I think it's safe to say that one of my interests, in film and literature if not quite so much, or anyway not in the same way, in life, is violence. Not death in general, so much, although that's obviously part of it, but violence -- murder, revenge killings, self defense killings, combat, the various kinds of violent or at least unnatural death found in the horror genre -- and how it is depicted by the artist. Connected to that is an interest in how that violence is perceived by critics (moreso than by audiences, because I'm not going to be taking any polls outside of movie theaters in the near or distant future), although I mention that only in passing as it doesn't really pertain to today's film.
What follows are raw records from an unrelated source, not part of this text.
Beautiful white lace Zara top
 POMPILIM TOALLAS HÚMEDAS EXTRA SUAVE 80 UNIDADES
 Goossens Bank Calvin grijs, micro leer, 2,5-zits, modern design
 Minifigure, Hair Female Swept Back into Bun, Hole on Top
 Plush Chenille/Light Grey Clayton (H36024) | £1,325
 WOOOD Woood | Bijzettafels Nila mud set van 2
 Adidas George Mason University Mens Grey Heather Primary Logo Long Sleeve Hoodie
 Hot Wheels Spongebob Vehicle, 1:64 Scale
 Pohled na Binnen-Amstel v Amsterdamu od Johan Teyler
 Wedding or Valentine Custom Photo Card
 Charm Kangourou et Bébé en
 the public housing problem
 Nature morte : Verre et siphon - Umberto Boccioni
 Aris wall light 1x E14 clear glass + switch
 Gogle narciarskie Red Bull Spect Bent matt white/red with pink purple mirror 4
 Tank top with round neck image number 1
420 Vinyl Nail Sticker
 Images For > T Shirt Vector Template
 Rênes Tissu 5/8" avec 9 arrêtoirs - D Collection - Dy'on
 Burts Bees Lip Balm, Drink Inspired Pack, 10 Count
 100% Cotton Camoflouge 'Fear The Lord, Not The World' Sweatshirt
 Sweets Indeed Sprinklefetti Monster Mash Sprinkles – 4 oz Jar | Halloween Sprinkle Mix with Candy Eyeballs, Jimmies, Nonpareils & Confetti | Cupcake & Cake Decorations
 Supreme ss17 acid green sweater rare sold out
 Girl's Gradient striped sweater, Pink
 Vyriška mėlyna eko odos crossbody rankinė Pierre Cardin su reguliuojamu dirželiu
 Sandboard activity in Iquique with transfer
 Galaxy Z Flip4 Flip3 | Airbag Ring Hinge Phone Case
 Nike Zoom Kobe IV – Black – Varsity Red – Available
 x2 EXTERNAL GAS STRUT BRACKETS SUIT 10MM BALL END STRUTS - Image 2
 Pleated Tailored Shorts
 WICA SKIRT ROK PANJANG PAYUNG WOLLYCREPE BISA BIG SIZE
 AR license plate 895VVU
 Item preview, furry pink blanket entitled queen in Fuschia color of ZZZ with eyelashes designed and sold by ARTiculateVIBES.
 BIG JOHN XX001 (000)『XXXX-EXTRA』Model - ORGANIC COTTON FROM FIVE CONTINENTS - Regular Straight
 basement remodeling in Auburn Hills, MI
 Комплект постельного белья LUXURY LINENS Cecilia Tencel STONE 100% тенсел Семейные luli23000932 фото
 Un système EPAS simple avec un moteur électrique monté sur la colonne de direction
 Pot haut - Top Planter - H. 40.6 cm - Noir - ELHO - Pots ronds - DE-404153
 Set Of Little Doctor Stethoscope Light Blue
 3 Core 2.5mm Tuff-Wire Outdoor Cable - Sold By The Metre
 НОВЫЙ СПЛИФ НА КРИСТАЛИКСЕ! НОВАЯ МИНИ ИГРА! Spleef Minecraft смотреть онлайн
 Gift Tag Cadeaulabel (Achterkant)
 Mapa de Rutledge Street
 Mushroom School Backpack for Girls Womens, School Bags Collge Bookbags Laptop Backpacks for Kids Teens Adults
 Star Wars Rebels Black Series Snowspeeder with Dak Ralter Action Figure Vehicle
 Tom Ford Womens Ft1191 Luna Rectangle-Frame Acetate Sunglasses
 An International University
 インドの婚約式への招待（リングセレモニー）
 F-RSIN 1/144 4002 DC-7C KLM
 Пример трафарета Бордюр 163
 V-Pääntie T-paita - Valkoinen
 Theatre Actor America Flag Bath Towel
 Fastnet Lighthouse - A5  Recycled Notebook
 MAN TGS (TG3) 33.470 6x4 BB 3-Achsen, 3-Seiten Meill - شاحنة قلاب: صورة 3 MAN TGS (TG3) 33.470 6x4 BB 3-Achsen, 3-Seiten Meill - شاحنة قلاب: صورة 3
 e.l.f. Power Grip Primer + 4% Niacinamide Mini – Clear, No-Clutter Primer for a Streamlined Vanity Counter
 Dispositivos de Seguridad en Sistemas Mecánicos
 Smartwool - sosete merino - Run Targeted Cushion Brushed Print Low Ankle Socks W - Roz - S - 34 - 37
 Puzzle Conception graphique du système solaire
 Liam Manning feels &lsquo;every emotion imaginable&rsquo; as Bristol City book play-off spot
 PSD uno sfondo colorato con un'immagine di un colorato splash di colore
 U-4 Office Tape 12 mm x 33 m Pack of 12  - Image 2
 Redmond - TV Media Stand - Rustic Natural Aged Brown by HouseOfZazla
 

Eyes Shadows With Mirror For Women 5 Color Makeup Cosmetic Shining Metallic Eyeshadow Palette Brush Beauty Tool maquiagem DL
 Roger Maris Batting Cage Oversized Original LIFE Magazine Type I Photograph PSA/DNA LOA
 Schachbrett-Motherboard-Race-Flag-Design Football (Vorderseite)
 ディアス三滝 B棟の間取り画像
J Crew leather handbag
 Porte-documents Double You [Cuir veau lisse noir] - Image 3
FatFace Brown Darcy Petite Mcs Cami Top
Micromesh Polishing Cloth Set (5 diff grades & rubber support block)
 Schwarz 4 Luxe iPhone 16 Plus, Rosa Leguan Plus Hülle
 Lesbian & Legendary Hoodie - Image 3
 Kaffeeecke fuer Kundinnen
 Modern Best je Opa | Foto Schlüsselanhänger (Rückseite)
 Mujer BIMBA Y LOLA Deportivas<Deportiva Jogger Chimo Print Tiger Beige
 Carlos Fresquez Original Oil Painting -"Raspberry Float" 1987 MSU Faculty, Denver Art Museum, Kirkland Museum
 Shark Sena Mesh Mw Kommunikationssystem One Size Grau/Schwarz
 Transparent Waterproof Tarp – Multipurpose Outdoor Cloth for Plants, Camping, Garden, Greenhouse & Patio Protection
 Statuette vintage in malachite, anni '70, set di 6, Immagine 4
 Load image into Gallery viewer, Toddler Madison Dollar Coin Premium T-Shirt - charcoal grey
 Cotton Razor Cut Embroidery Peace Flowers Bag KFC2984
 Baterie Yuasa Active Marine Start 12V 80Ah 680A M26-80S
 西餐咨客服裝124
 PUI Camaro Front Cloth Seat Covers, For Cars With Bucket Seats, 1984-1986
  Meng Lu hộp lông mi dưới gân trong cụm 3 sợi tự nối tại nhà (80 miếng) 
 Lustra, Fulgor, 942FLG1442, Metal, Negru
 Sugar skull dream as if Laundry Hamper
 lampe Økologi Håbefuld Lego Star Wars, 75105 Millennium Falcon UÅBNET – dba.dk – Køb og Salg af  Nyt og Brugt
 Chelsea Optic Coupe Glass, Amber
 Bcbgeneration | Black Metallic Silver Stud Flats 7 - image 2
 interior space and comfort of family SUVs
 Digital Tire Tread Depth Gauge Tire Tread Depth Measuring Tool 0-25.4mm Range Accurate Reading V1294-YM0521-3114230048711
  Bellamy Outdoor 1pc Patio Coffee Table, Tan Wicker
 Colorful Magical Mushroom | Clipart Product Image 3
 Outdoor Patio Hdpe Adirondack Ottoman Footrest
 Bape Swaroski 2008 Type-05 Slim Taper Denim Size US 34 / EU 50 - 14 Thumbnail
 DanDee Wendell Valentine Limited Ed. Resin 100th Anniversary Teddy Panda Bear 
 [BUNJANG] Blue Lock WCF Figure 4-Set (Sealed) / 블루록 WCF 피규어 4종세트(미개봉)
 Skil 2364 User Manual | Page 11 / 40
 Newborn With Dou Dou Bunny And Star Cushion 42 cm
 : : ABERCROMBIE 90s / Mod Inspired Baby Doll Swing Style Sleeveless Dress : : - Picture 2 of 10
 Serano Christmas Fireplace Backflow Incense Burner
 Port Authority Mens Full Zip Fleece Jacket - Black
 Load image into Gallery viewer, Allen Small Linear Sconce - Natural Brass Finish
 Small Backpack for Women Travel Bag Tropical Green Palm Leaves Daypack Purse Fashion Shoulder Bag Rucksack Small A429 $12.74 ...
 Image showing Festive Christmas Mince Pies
It's a big subject, though one that is sometimes sniffed at, or even sneered at, unless the morality of the moment is absolutely concrete and in line with the views of whoever would otherwise be doing the sneering. Another element, apart from morality, that can keep people from engaging with onscreen violence has to do with a misunderstanding of the word "violence" so that it becomes synonymous with "gore". It can be, but violence, as I'm using it here, means basically any act of aggression intended to do harm to another person. This can range from sticking a live grenade in someone's mouth to poisoning someone as they sleep. Cinematically -- and in reality, of course -- one of these acts is going to be noticed and talked about far more than the other. Which brings me to Michael Clayton.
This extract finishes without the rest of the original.